I'll also be pulling quite a bit from Joseph Campbell's work, such as the Power of Myth. I think with work such as Fables and Greg Maguire's books, as well as other stories (which I'm not going to use in the paper) such as Grimm's Fairy Tales and X-Men Fairy Tales, we've seen a renewed interest in folklore and myth. Of course I believe Cinderella is still the most prevalent story worldwide! In fact, some of the best comic books today (if you check the list above) seem to come from myth. Even Kingdom Come is heavily influenced my Christian mythology. Of course I still hold with my personal theory that comic books are the mythology of today, but I think that topic may have been harder to pull off for a class where I need many different types of sources for my paper.

Sorry to submit you all to my school work, but this is along the same line as all my posts about comics as literature. I've been making an effort to pull comic books into my school work not only to make my assignments more enjoyable, but also because I want comic books to earn more appreciation in the academic world. I believe this idea is making more and more headway and this is my way of putting my money where my mouth is.


  1. I don't think you have much debate to work with. There's little to dispute in the hypothesis that myth and fable maintains a strong influence on popular entertainment and literature. Perhaps a more interesting thesis is what influence popluar and traditional myths and fables have on the larger society. For instance, how much of the cowboy fables and legends of Hollywood was an influence on the development of neo-con philosophy and the resultant invasion of Iraq?

  2. Um, yeah, thanks Thomm, but this is for my Freshman English 2 class so sticking with the literature and story theme makes more sense. Also, have you ever read any of Joseph Campbell's work? While his themes were more general, we're encouraged to choose more specific topics to have a focused piece of work. Campbell's ideas focused more on the impact myth had in our everyday lives - and that's more relevant in a book anyone can pick up and read than in exploring the ramifications of neo-con philosophy. At least that's how I feel.

  3. Also, as a side note - Hollywood bases much of their work off of myth, and is not so much a producer of myth.

  4. I can't comment on Campbell, as I've not read him. However, Hollywood has produced many myths. Chief among them are the all white westward expansion, the noble savage, the obligatory happy ending (often now called the Hollywood ending), and, if you'd like a specific film's example of myth, try Birth of a Nation. Of course, there are positive myths that have come out of Hollywood, too, such as the idea that anyone can overcome whatever circumstances to achieve their heart's desire, as long as it's "good and true".

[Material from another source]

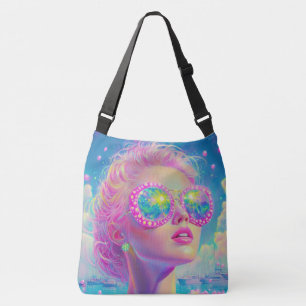 Glamouröse Neonfrau mit funkelnder Brille Tragetaschen Mit Langen Trägern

    Anyway, it's not my assignment, so take it or leave it as you will...

  5. perhaps there is a difference between myth as in folk myth and mythology...

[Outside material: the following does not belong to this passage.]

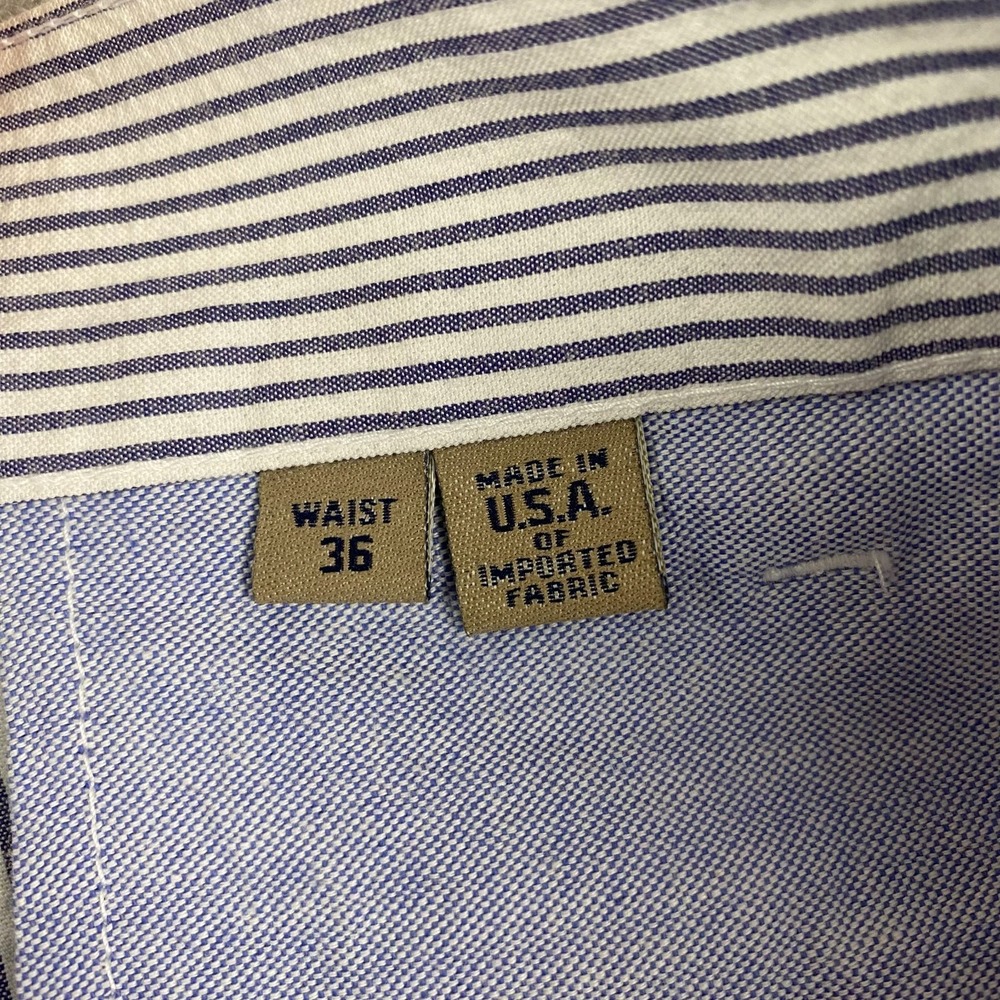 Bills Khakis mens Parker Pant 36 seersucker Blue White Made USA unhemmed NEW - Picture 5 of 14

  6. What do you mean by the "cultural impact of myth"? Are you talking about the ways in which Myths from older cultures continue to influence our world view? I think you could make a argument here. But you need to get a little more specific. Are you talking Roman myths or Nordic ones? Native American or Mayan? And then are you talking American popular culture (comics and literature) or are you trying to generalize for the WHOLE world? I would be careful with Joseph Campbell. He's much more of a pop icon than a real academic. I know his ideas can be very appealing, but that may be because he likes to use a lot of sweeping generalizations, one of which is the belief that myth functions the same way in every culture across time and that's just not true. Honestly, in the academic world of myth and folklore studies his ideas don't hold much weight. Still, you could use that as a place to go from, just make sure you say that. Thesis statements often look overwhelming when we start out because they're usually so general. It's when you get into the specifics that it becomes interesting - as far as developing an argument goes. Good luck!

  7. I disagree about Joseph Campbell. Many of my professors at both schools I've attended find Campbell's ideas to be very valid.

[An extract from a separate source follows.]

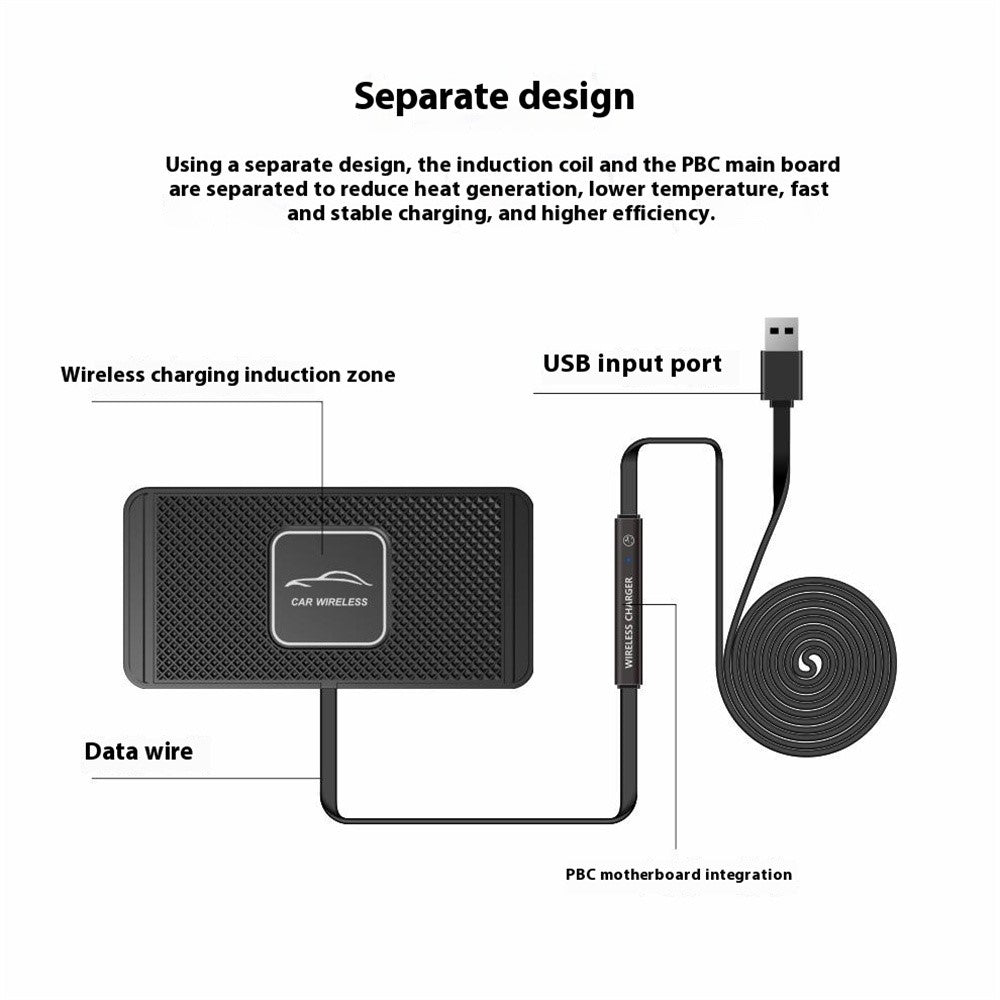 C1 Wireless Car Charger Dashboard Non-Slip 15W Fast Charging Pad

    As for the paper, you're absolutely right - if this was some sort of thesis paper I'd have to be much more specific than I'm being at the moment. However, it is for an undergraduate English class and I'd prefer to stay on more general terms. This is my way of doing preliminary research in case I'd like to pursue this line of inquiry more specifically further in my academic career.

  8. I have to agree with what Tomm said above -- not sure there's much debate in whether or not myth affects culture/society/literature/whatnot. If you're set on using Campbell (I would be, too), then an interesting take could be how each distinct culture differently inteprets the mythical archetpyes from their own points of view (see Tomm's second comment about American traditions of happy endings, perseverance can win any battle, the good always defeat evil).

    But similar stories when told by other cultures aren't always interpreted the same way. Perhaps a Japanese movie based on some ancient legend/myth ends very differnetly than an American novel or European comic with a similar premise. This example is compromised because it's a kid's movie, but compare Disney's happy ending in "The Little Mermaid" to the actual ending in the original H.C. Andersen story -- that's what I'm talking about.

    Then again, I'm not sure I proposed a debate paper -- just a thesis. Sounds fun though.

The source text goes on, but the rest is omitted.